##### DATA FOR THE TASK

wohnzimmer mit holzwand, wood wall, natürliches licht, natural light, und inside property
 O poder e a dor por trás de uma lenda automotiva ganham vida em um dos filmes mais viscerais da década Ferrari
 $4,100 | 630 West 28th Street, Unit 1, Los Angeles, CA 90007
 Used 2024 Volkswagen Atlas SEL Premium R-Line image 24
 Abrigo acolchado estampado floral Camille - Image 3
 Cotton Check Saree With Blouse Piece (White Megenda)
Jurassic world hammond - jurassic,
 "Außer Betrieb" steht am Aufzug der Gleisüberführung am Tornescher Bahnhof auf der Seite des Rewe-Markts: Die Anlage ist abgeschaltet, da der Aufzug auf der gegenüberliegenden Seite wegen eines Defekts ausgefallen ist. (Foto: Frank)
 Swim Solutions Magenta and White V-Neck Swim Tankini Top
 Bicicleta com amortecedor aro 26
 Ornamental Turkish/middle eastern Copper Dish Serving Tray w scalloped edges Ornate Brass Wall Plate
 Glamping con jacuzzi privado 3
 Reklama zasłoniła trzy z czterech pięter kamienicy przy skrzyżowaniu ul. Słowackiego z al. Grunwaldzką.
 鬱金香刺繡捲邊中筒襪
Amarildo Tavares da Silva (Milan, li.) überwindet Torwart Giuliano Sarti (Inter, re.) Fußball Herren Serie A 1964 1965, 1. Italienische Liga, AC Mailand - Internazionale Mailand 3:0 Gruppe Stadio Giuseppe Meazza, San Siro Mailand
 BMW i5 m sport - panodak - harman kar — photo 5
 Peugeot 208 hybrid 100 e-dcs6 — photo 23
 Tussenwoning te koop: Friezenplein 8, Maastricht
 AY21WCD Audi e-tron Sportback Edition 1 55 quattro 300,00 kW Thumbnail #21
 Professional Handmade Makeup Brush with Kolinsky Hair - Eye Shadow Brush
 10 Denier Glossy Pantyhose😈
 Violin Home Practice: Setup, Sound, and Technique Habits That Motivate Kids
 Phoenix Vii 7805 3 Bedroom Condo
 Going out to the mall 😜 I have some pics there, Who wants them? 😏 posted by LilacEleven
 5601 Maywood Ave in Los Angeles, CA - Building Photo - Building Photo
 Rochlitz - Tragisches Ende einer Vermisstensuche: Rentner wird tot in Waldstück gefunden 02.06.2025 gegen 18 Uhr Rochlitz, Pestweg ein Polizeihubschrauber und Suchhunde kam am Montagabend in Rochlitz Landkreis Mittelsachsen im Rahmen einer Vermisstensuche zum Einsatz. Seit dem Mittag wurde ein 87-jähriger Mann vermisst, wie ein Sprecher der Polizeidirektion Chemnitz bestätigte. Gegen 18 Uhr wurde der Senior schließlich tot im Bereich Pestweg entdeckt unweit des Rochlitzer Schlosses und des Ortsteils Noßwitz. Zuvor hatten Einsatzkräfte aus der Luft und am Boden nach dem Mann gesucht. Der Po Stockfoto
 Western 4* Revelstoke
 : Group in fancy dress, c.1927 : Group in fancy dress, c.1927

##########

Which lines above contain the word "Angeles"? Copy each of them.

### SOLUTION TO THE PROBLEM
 $4,100 | 630 West 28th Street, Unit 1, Los Angeles, CA 90007
 5601 Maywood Ave in Los Angeles, CA - Building Photo - Building Photo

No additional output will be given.